Starting in 2015, the Copernicus Sentinel-1 satellites took snapshots of Pine Island Glacier every 12 days, and then after fall 2016, they began collecting data every six days. The researchers examined all the data collected between January 2015 and September 2020 and used the multitude of images to create detailed videos of the ice flow.
The team found that the calving rate of the ice shelf more than doubled in that time frame and that starting in September 2017, the disintegrating shelf lost significant contact with the shoreline on its southern margin. This appeared to coincide with a sudden acceleration of the glacier, which continued to speed up as more icebergs calved from the shelf over the next three years. At the same time, available data indicated “no obvious change in the ocean temperature variability” in the region, hinting that melt-driven thinning of the ice shelf likely wasn’t to blame, the team noted.

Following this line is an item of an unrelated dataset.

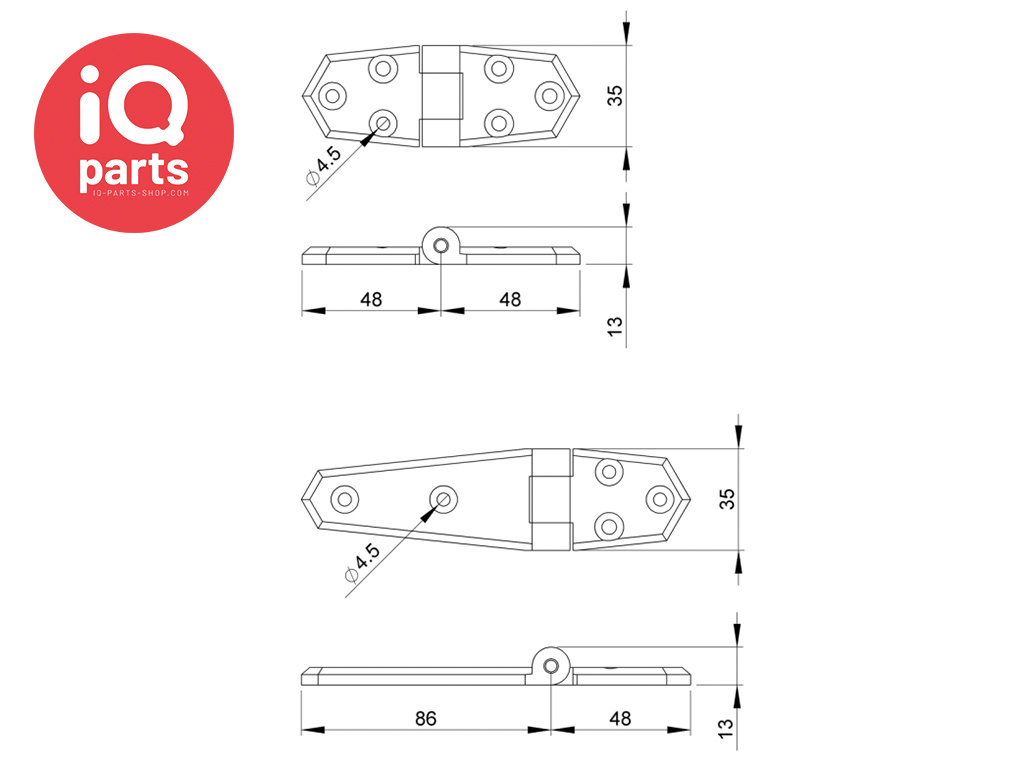 TruDesign TruDesign - Hinges | Nylon (Fiberglass Reinforced) | per pair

To better understand what triggered the acceleration from 2017 to 2020, the team crafted an ice flow model of the glacier and ice shelf, taking into account local environmental conditions. They tested what the model would do if none of the outermost shelf had broken off into the sea, and they found that the speed-up wasn’t as dramatic as what they saw in the SAR footage. The team then tried lopping off huge chunks of the shelf, as occurred in real life, and the glacier accelerated accordingly.
“The only change I made is that I removed that part of the ice shelf,” Joughin said. “The speed of the model was very close to that which was observed in nature.”

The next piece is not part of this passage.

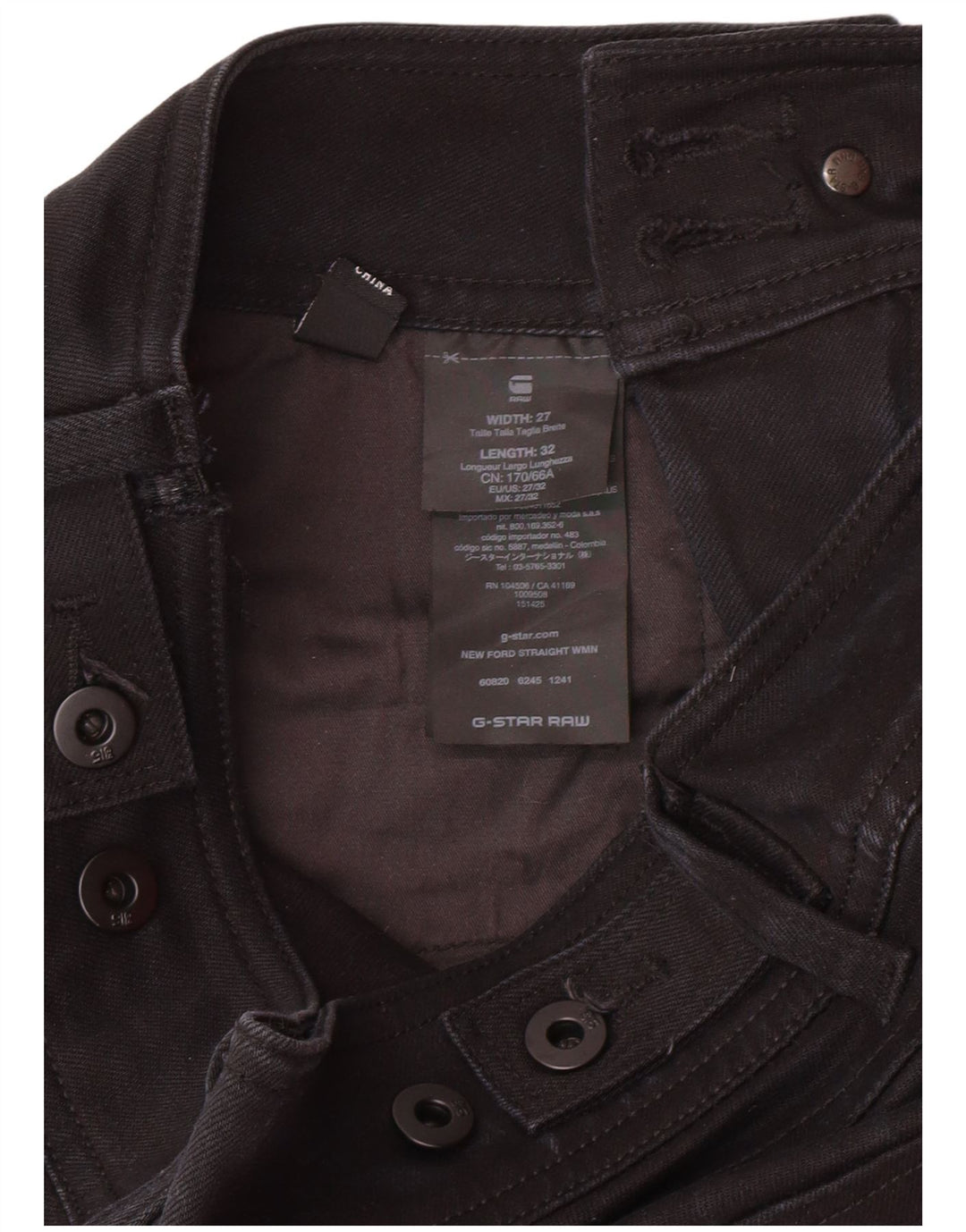 Jeans retos femininos G-STAR W27 L28 algodão preto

That said, although the model came very close to reflecting the SAR footage, there is “still a mismatch” in the true and modeled flow speeds of the floating ice, particularly toward the ice shelf’s seaward edge, Dow said. This hints that some physical systems may be acting on the ice flow but are still missing from the model, she said.
“It’s not yet clear how important those missing pieces are for determining the future of Pine Island Glacier,” Dow told Live Science.
For instance, Dow’s own research group is currently investigating what role water flow beneath the glacier plays in the melt rates of the ice above. This subglacial water accumulates due to friction from the moving glacier and geothermal heat from the earth below; eventually, the fresh water slips out from under the glacier and enters the cavity beneath the ice shelf, thus mixing up the salty seawater found there. This may drive more warm water toward the grounding line and “potentially lead to faster retreat” of the ice shelf, but the new model doesn’t take this process into account, Dow noted.
And there’s another missing puzzle piece that scientists must address: When deep fractures appear in the ice shelf, what ultimately causes icebergs to snap free?
While scientists can model melt-driven thinning fairly well, “the part about the shelf breaking up gets into fracture mechanics,” a tricky physical factor that also comes into play in earthquake prediction, Joughin said. “The bottom line is … it’s hard to say when something is going to rupture or break,” he said. Being better able to predict when the icebergs might calve off the ice shelf would allow scientists to better predict the subsequent speed-up of the glacier, as well as the related sea-level rise, he noted.
But even if the glacier speeds up again in the near future, its contribution to sea-level rise shouldn’t suddenly spike to a catastrophic level in the realm of several feet a year, Joughin said. Again, the glacier currently contributes about 0.006 inches of sea-level rise annually, so “even if you tripled that, we’d only be at half-a-millimeter [0.02 inches] a year,” he noted.